RDC : résoudre le défi énergétique en faisant ce que l’Éthiopie a osé

Lorsque l’Éthiopie annonça en 2011 la construction du « Grand Ethiopian Renaissance Dam », le pays comprit immédiatement qu’il devrait avancer seul. Les institutions comme le FMI, la Banque mondiale ou les banques régionales refusèrent de soutenir le projet. Cette décision ne reposait pas sur une analyse technique mais sur l’intense pression diplomatique exercée par l’Égypte, qui percevait le barrage comme une menace stratégique pour ses intérêts hydriques. L’Éthiopie se retrouva isolée, sans accès aux financements internationaux traditionnels. Au lieu d’abandonner, elle choisit de transformer cet isolement en acte de souveraineté. Elle décida que le plus grand barrage d’Afrique serait financé et contrôlé par les Éthiopiens eux-mêmes.

Cette posture donna naissance à l’un des montages d’autofinancement les plus audacieux du continent, un système qui rappel la manière dont plusieurs pays européens avaient financé leurs armées pendant la Première Guerre mondiale. Le barrage, évalué à 233 milliards de birrs, soit environ 4,2 milliards de dollars, aurait pu rester un mirage dans un pays privé de bailleurs et cerné par les pressions internationales. Pourtant, l’Éthiopie choisit de le financer elle-même et parvint à mobiliser 213 milliards de birrs, près de 4 milliards de dollars, uniquement grâce à ses ressources internes, ce qui représentait 91 % du financement total.
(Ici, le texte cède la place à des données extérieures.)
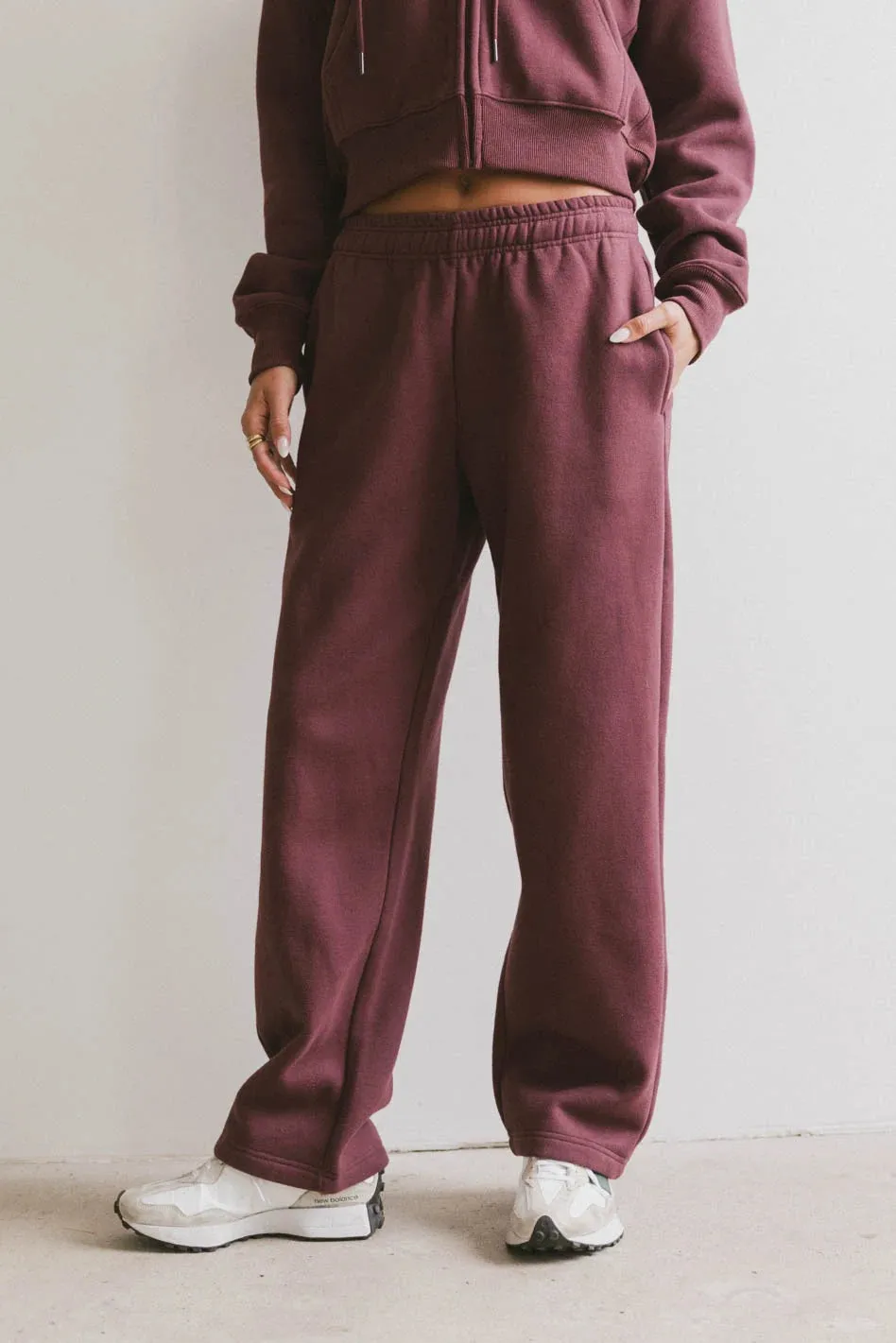 Ezra Sweatpants in Burgundy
Les banques commerciales furent contraintes d’acheter des obligations, les salariés acceptèrent une retenue sur salaire, l’épargne populaire fut mobilisée, et une vaste participation nationale porta le chantier. Les 9 % restants, un peu plus de 20 milliards de birrs, environ 450 millions de dollars, provenaient de la diaspora éthiopienne, des ventes d’obligations dédiées au barrage. Cette répartition démontre que le barrage n’était pas seulement une infrastructure stratégique, mais aussi un acte collectif financé presque entièrement en monnaie locale.
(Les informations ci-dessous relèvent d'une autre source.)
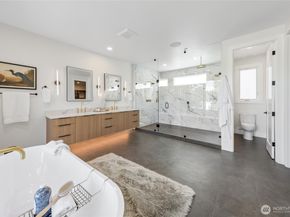 10204 NE 43rd Street, Kirkland WA 98033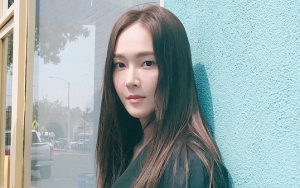 Sibuk Terus, Jessica Pamer Foto Cantik Saat Hadiri Acara Fashion di HK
L’architecture financière reposait sur un principe simple qui expliquait sa résilience. Tout ce qui pouvait être payé localement l’était en birrs éthiopiens. Plus de 90 % des débours étaient effectués dans la monnaie nationale, ce qui protégeait les réserves officielles en devises. Les paiements en devises se limitaient aux besoins indispensables, dont environ 1 milliard de dollars pour les équipements électromécaniques financés par une ligne de crédit chinoise. Cette stratégie permit à l’Éthiopie de gérer un projet colossal pendant quatorze ans, entre 2011 et 2025, et lui permit aussi de résister aux pressions extérieures et de mener à terme un chantier perturbé par des tensions géopolitiques et par un scandale interne. Le résultat est le plus grand barrage d’Afrique, opérationnel depuis le 9 septembre 2025, financé principalement par l’effort national, sans dépendance toxique vis-à-vis des bailleurs internationaux.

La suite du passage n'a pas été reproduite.